This is related to Trig?

Using a bit of algebraic manipulation, we can rewrite the equation as follows: $(x+y+z - 2)^2 = (2-x)(2-y)(2-z)$ Now since the left side of the equation is nonnegative, so is the right side. Hence we can apply the AM-GM inequality to get: $(x+y+z - 2)^2 = (2-x)(2-y)(2-z) \le \left(\frac{6 - (x+y+z)}{3}\right)^3$ Thus if we let $s = x+y+z$ , we get the following inequality: $(s-2)^2 \le \frac{(6-s)^3}{27}$ $27(s-2)^2 + (s-6)^3 \le 0$ $s^3+9s^2-108 \le 0$ $(s-3)(s+6)^2 \le 0$

Therefore $s \le 3$ . Therefore the maximum value of $x+y+z$ is $\boxed{3}$ . Note that this value is achieved when $x = y = z = 1$ .

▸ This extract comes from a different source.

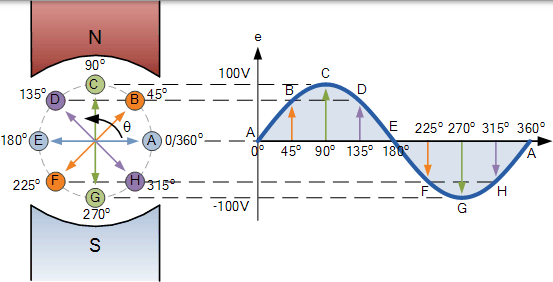 正弦波形 正弦波形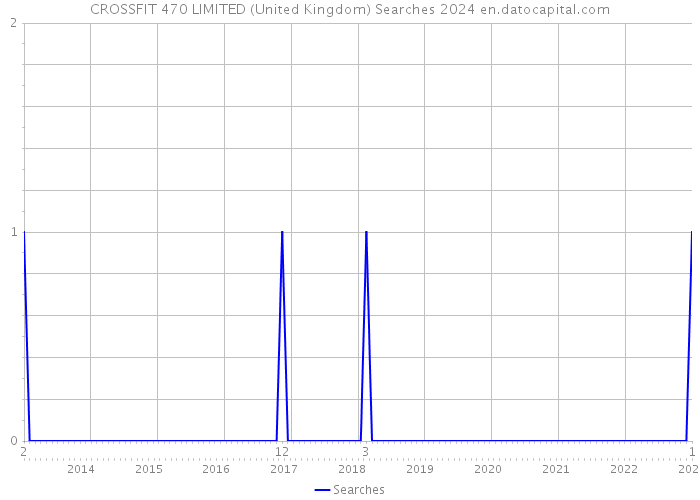 CROSSFIT 470 LIMITED (United Kingdom) Searches 2024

It can be shown that $(x, y, z) = (2\cos A, 2\cos B, 2\cos C),$ where $A + B + C = \pi$ and $A, B, C < \frac{\pi}{2}$ satisfy the condition given in the problem. Thus, $x + y + z = 2(\cos A + \cos B + \cos C) \leq 2\left(\frac {3}{2}\right) = \boxed{3}.$

. very simple the equation equates to 4 therefore the answer should not exceed or be a little less than 4. since there are 4 terms then it can be 1 multiplied by 4. conclusion, the variables are equal and their value is 1.

(If you didn't manage to see the trig solution like me).

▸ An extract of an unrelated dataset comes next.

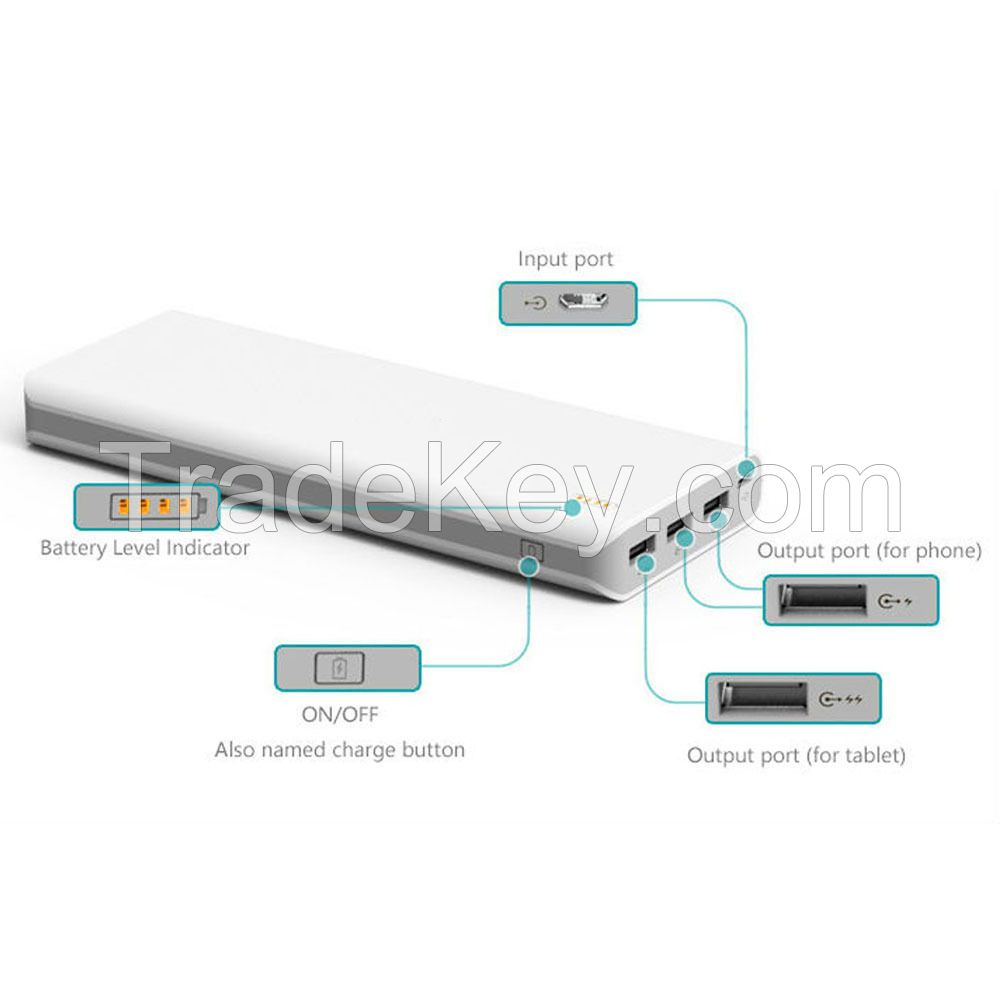 APG 30000mAh Turbo Power Bank with 3 USB Ports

Trying to get the equation into an easier one with only 2 variables, we substitute z=2. Note that we cannot substitute z=-2 since it has to be positive.

Now, that gives us $(x+y)^2=0$ or $x+y=0$ .

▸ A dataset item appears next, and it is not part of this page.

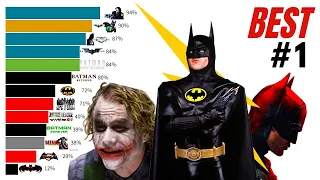 Best Batman Movies Ranked (1989 - 2022)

Our sum in that case would be 2.

We cannot substitute a value for z greater than 2 (otherwise either x or y must be negative which violates the conditions).

Therefore, we try z=1. This gives us $x^2+xy+y^2=3$ .

$y \ge 2$ would give us negative values for x, so y=1. Following from this, x=1.

Our sum here is 3, which is greater than the other case of 2.

Therefore, the maximum value of $x+y+z$ is $\boxed{3}$ .